The long-term goal should be to achieve “Zero Waste” while expending as little energy as possible and ensuring that little or no residue goes to long-term in-ground storage, the air, or a body of water. Incineration, even to generate electricity, should be avoided at all costs, as it destroys valuable resources, severely contaminates the air, and produces massive quantities of greenhouse gases. Manufacturers must be required to reduce packaging, especially petroleum based plastics, and take back products or their components that can’t be reused or recycled locally. Composting, recycling, reuse, and repurchasing programs must be generated to cover all of our resources. When energy and resources are scarce or no longer attainable, nothing will go to waste.

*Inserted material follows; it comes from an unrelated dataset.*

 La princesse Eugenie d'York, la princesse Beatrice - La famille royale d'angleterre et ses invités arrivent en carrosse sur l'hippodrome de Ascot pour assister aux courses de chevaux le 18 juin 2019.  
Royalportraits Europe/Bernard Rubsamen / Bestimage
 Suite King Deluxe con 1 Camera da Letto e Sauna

 In a recent two-month period, the amount of domestic waste generated in the US dropped by 3 percent. This reflects the recent sharp decline in the economy and the subsequent drop in consumption as peoples’ purchasing ability declined.

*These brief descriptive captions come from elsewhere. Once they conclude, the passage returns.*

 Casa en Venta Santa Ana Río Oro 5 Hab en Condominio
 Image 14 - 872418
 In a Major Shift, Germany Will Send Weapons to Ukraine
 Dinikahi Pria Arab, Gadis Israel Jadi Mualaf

 One serious obstacle to many alternative waste disposal systems is that existing housing codes, building codes, and zoning laws are historically conservative, based on long-standing public health practices and traditionally difficult to change. The pressures induced by energy descent should, in the long run, hasten change.

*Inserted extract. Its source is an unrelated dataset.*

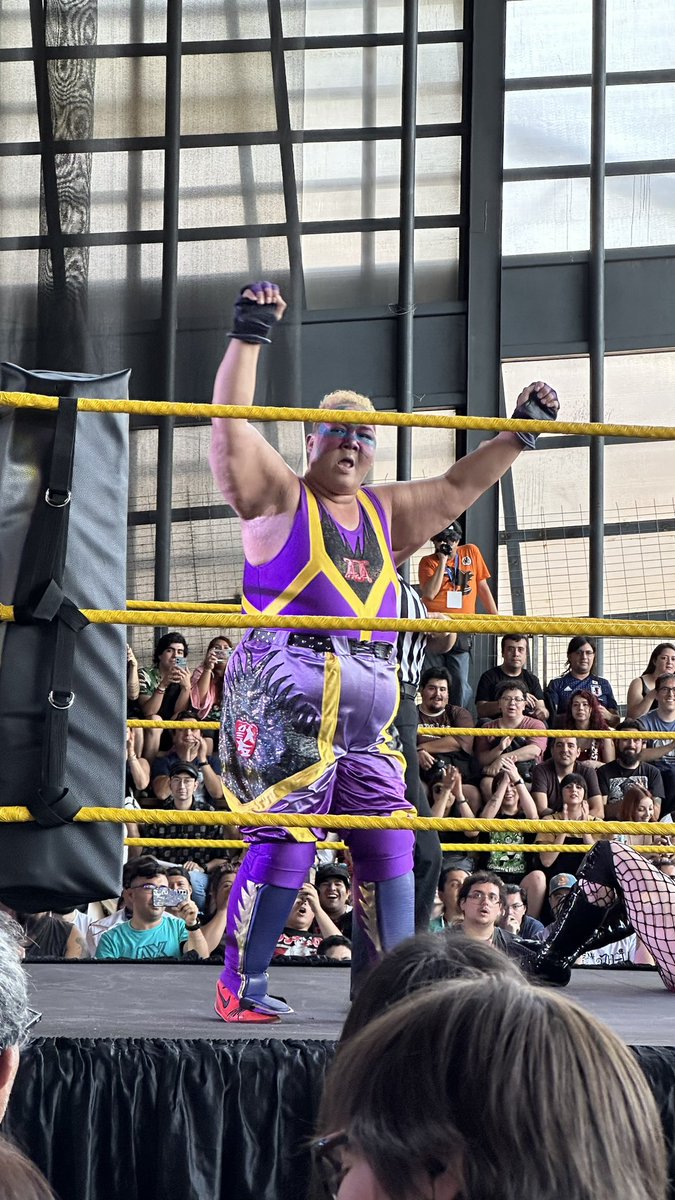 ElPep23's tweet photo. AEX 32 Santiago 🇨🇱 presenta TJPW por primera vez en Chile:
- Aja Kong venció a Roma
@ElPep23 📷
#TJPW #AEX32 @tjpw2013 @aex_santiago @ajakonguraken @Romaluchadoracl https://t.co/0UJwHozB0y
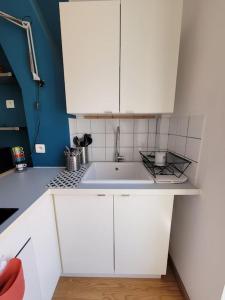 Air-conditioned apartment with bedroom and balcony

 As with some animal wastes, human byproducts can be heavily contaminated with various synthetic chemicals, some of which are cause for concern. Antibiotics, from human waste and domestic animals — pets and non-organically raised farm animals — are problematic, since they increase the resistance of pathogenic bacteria to traditional antibiotic treatment. Some chemicals in a wide variety of consumer products, especially from cosmetics and drugs, are estrogen mimickers that cause deleterious genetic/developmental changes in a variety of organisms. This will be less of a problem as energy descent proceeds, but is of some concern for the short-run disposal of human wastes to the environment. Regardless of how the wastes are treated before being released, many of these chemicals are not caught by the standard sewage treatment process, let alone the septic tank or compost pile.
 Great care must be taken with the reclamation, reuse, and recycling of construction debris. Asbestos, lead, and other heavy metals in paints, glazes, glass, and finishes, acidic and alkaline materials, etc. can be hazardous, varying from simple skin irritants to outright poisons. Some materials, such as clean, untreated wood free of paints and other treatments, can be ground and used as “browns” in composting operations. Similarly, ground sheetrock is widely reformulated as agricultural gypsum.